Department | Department of Mathematics |

Supervisor | Full Professor Nevo Amos |

This work is devoted to the study of conformal actions of semisimple Lie-groups on Pseudo-Riemannian manifolds. It is known that (unlike the Riemannian case) a non-compact group might have an isometric action on a compact pseudo-Riemannian manifold. We construct a family of conformal actions of non-compact simple Lie-groups which are not (conformally equivalent to) isometric actions. This family serves as the "standard model actions". The main goal of our work is to show that, in a certain sense, all actions (conformal actions of simple Lie-groups on compact pseudo-Riemannian manifolds) are built out of these building blocks - isometric actions, and the standard models. This goal is achieved, assuming the manifold is Lorentzian. For the general Pseudo-Riemannian manifold, we achieve that goal under the extra assumption that the split rank of the group is maximal (to be defined by means of the signature of the Pseudo-Riemannian structure).

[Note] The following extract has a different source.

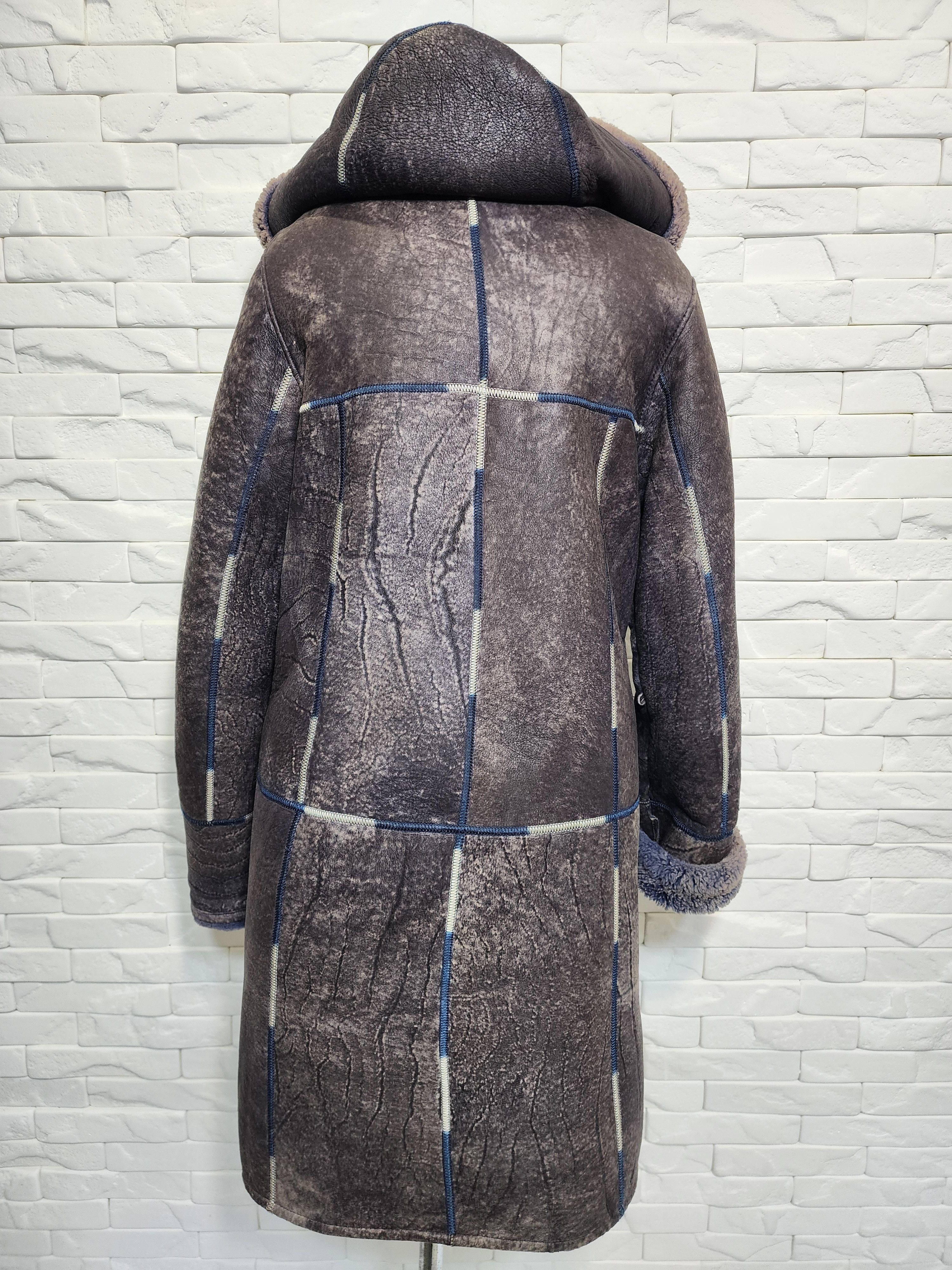 Furla Purple Sheepskin Coat: Women's Fur Winter Coat With Hood. Size XL / US 12-14 / IT 48-50 - 3 Thumbnail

The main tools in this work are Lie-Theory (in particular finite representation of Lie-groups, weight spaces decomposition and the dynamics of projective actions) from the one hand, and the construction and comparison between various cohomological invariant (such as conformal, volume and projective 1-cocycles) on the other hand.

Our work splits naturally into three parts. The first part consists of the study of conformal actions on compact Pseudo-Riemannian manifolds of any signature. The second and third parts consist of the study of actions on Lorentzian manifolds in the homogeneous and genral cases correspondingly.